Success at Tribunal for NHS Whistleblower Dr Claire Connolly

Last month, Rahman Lowe’s Jahad Rahman successfully represented NHS Whistleblower Dr Claire Connolly at a preliminary hearing at London Central Employment Tribunal.

Dr Connolly claims that she was subjected to detriments by ‘workers’ or ‘agents’ of Health Education England (“HEE”) following concerns she expressed about patient safety issues at the Paediatric Unit of University College London Hospital NHS Trust (“UCLH NHS Trust). Shortly after her disclosures (i.e., whistleblowing) and a few months before she was due to be appointed as a consultant, her employment was terminated.

At the time of Dr Connolly’s dismissal, she was employed as a Paediatric Registrar by UCLH NHS Trust. Her case is that her employment was terminated at the behest of her educational supervisors, who are workers or agents of HEE under the extended definition of ‘worker’ and ‘employer’ in s.43K of the Employment Rights Act 1996 (“ERA 1996”). Dr Connolly claims that HEE is therefore liable (as employer) for any detrimental acts and/or omissions of her educational supervisors.

Section 47B(1A) ERA 1996 affords a worker the right not to be subjected to a detriment by any act, or any deliberate failure to act, done:

  • by another worker of the employer in the course of that other worker’s employment, or
  • by an agent of the worker’s employer on the ground that the worker has made a protected disclosure.

Whilst junior doctors are usually employed by local NHS Trusts under short-term contracts, they are allocated to those posts by HEE, and educational supervisors (usually employees of Trusts, with responsibilities under separate complex agreements with HEE that govern the supervision, learning and training of junior doctors) maintain considerable control over their work and career progression.

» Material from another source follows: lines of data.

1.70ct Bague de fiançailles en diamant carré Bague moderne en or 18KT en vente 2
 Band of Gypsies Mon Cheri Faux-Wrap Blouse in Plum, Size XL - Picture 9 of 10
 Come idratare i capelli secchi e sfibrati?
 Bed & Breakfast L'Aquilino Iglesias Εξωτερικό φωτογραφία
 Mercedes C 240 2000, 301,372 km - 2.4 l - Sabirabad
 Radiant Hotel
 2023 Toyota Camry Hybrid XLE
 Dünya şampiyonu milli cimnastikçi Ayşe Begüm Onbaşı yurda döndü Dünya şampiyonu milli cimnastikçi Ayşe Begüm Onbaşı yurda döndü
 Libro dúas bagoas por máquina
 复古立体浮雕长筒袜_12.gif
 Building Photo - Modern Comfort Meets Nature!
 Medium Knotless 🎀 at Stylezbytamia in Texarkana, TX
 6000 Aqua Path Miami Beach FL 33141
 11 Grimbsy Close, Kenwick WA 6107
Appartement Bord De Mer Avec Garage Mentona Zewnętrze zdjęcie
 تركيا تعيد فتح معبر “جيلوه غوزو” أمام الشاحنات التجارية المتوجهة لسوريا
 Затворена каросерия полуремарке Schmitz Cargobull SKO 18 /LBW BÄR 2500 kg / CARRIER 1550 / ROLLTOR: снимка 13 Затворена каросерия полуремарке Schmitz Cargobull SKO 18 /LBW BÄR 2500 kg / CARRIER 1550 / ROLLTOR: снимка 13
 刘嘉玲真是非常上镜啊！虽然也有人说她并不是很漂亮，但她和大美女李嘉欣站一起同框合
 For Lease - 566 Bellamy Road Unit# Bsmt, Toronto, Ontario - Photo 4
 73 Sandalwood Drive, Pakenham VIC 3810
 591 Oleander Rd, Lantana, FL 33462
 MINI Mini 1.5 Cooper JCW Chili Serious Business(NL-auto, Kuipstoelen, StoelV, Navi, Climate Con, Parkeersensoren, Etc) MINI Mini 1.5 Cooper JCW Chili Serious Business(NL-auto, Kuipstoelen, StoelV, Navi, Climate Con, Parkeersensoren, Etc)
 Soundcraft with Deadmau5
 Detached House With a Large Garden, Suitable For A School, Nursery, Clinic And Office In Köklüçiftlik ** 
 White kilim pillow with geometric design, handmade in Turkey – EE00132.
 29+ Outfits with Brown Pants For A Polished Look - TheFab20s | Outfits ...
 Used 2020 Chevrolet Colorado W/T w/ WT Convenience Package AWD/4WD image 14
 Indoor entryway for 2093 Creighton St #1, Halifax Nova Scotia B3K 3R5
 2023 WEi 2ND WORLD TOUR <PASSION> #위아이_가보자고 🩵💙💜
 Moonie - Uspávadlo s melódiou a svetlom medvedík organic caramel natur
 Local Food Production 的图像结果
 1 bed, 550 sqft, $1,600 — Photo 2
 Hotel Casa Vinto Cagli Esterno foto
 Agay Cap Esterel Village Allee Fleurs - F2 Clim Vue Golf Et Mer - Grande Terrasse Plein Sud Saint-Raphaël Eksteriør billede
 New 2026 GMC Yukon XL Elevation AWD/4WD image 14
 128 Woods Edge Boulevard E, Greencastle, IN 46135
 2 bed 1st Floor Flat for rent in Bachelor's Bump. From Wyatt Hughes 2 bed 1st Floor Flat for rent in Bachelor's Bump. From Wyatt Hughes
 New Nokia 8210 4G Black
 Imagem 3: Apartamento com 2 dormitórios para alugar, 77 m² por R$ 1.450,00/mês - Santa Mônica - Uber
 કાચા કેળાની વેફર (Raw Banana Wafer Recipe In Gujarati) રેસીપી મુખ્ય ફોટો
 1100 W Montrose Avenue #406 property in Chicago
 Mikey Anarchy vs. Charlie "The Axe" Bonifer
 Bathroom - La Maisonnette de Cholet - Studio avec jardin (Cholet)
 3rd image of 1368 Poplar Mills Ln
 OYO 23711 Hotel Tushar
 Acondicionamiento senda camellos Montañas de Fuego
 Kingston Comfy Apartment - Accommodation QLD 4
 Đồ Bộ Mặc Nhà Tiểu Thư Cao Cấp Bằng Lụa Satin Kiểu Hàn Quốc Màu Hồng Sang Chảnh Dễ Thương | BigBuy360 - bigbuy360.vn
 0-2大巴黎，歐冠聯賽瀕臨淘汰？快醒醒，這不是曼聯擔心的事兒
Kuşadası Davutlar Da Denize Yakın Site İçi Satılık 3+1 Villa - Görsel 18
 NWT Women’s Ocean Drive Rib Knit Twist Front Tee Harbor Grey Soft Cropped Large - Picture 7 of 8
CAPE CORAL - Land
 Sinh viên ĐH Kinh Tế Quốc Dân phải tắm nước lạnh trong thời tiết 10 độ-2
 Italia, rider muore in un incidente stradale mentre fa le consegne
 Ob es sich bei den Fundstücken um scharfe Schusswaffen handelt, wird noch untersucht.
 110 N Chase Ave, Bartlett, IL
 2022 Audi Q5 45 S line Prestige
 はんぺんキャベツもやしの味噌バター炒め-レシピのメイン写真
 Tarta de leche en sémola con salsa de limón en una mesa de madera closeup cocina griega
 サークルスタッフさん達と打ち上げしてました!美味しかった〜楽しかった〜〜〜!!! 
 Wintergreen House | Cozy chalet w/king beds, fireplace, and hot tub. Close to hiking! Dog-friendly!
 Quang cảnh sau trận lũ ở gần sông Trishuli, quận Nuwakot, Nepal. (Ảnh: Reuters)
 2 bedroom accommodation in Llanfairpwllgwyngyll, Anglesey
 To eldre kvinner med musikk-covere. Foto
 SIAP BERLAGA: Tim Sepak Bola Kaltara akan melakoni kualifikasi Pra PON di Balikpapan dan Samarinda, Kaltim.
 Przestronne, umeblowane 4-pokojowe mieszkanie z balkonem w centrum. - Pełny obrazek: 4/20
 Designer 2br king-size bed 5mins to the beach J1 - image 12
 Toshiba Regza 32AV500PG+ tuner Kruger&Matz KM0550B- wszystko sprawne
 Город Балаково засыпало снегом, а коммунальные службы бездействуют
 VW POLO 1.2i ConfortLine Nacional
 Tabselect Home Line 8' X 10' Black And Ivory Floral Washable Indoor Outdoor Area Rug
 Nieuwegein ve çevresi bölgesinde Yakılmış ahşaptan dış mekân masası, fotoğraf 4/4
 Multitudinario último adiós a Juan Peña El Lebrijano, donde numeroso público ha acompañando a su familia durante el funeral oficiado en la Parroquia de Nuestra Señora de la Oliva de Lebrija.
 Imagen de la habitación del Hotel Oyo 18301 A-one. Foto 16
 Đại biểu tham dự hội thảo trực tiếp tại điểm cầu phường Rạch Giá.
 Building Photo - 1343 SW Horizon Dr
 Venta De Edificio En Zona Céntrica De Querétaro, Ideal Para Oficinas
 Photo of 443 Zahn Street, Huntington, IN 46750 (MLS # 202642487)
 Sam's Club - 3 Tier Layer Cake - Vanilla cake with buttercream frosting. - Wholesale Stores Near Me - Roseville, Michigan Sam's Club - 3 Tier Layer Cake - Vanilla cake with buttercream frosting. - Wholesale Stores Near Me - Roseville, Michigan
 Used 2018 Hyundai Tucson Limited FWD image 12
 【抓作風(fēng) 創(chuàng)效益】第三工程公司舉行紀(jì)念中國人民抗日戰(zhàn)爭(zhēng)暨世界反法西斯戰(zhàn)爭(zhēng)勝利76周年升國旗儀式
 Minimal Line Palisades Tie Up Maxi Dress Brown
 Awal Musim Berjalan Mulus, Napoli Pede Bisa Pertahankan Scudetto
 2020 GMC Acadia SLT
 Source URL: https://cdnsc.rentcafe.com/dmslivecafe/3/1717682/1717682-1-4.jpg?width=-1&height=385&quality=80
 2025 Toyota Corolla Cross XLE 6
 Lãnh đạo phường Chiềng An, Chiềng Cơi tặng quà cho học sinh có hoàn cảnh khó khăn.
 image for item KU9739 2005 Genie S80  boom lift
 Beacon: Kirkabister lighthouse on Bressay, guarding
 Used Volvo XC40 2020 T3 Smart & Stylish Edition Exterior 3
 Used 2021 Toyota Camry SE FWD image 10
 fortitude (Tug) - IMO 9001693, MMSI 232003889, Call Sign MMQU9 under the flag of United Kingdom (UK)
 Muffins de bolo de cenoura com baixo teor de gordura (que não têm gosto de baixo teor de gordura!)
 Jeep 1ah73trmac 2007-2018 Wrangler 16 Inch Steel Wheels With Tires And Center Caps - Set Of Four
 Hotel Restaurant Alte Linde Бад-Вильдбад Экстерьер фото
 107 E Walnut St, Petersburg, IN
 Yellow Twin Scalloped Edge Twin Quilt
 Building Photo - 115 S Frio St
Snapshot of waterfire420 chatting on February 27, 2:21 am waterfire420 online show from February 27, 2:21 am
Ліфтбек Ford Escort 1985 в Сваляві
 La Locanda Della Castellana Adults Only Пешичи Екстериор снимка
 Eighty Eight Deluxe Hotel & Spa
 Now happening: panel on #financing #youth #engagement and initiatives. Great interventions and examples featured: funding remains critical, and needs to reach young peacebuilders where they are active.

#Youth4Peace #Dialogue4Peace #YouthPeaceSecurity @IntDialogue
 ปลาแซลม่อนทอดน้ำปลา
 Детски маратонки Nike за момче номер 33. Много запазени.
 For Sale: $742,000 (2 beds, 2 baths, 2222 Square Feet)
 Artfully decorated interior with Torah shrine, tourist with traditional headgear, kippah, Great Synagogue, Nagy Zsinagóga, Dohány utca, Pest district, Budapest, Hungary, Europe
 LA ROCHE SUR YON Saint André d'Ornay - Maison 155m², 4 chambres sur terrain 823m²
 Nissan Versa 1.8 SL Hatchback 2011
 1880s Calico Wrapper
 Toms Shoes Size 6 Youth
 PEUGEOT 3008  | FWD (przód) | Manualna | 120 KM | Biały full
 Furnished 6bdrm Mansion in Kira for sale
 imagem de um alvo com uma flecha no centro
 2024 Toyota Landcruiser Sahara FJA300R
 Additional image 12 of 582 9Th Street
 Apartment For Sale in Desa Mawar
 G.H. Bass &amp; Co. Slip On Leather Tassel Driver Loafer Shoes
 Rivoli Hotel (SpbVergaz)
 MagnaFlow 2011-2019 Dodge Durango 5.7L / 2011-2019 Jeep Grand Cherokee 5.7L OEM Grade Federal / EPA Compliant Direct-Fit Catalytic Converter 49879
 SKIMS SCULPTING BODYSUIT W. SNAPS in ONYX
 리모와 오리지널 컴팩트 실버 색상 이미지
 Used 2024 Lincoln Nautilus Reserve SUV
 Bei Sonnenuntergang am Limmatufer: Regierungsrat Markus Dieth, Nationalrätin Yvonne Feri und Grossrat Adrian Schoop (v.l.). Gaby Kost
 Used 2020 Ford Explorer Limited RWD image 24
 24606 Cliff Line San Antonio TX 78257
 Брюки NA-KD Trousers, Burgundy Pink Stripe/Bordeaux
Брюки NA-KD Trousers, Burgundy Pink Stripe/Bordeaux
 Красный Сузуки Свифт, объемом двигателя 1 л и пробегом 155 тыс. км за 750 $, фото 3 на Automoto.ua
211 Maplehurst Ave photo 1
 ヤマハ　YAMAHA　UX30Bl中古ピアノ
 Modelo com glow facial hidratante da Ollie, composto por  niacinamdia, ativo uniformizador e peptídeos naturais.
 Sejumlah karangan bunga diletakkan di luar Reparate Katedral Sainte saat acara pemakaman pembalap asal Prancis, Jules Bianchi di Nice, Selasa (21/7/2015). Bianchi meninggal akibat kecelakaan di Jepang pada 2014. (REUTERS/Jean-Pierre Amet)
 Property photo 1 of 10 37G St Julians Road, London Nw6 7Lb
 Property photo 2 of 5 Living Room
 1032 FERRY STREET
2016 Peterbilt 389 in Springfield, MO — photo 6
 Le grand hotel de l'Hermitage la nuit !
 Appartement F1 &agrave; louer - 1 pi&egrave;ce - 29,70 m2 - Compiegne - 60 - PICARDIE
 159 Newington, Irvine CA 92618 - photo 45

At the preliminary hearing, Jahad successfully resisted HEE’s application for a split trial. The Employment Tribunal accepted Jahad’s submissions that all of the issues should be determined together on the basis that it would save a considerable amount of time and costs. Delay and the pressure on NHS/HEE witnesses who would probably be required to give evidence at two hearings were also important considerations.

He also persuaded the Employment Judge to accept that as a litigant in person, Dr Connolly had not withdrawn her claim that her educational supervisors were workers (as opposed to agents) of HEE. HEE fought this issue tooth and nail at the preliminary hearing. However, following representations, the Employment Judge found that the “wording used by the claimant [in her alleged withdrawal email] did not in my view amount to a clear withdrawal of that claim”. Therefore, Dr Connolly can now continue with her claim (as originally pleaded) that educational supervisors, in their capacity as co-workers or agents of HEE, victimised her because she blew the whistle about patient safety issues.

We are unable to comment on why HEE is contesting the question of whether the educational supervisors, in their capacity as workers/agents, can be liable for whistleblowing victimisation. It is HEE’s case that the educational supervisors cannot be liable for any alleged detriments because they are employees of the Trust and not HEE.

This case affects approximately 54,000 junior doctors and Specialist Registrars working in the NHS.

HEE’s case is surprising because it is effectively arguing that as the NHS body which substantially determines the terms on which junior doctors and educational supervisors are engaged, it is not responsible for the retaliatory action of its workers/agents against junior doctors that speak up about patient safety issues, notwithstanding the significant control it has over their training and development. The case also demonstrates the importance of seeking early legal advice and representation in complex whistleblowing claims so that all legal issues are adequately covered from the outset and during all stages of the litigation.

Dr Connolly is delighted with the outcome of the preliminary hearing but the fight to protect junior doctors in training continues. The matter has been fixed for another hearing in May 2021 to determine Dr Connolly’s application to amend the claim and to add the termination of her employment as a detriment against the educational supervisors/co-workers.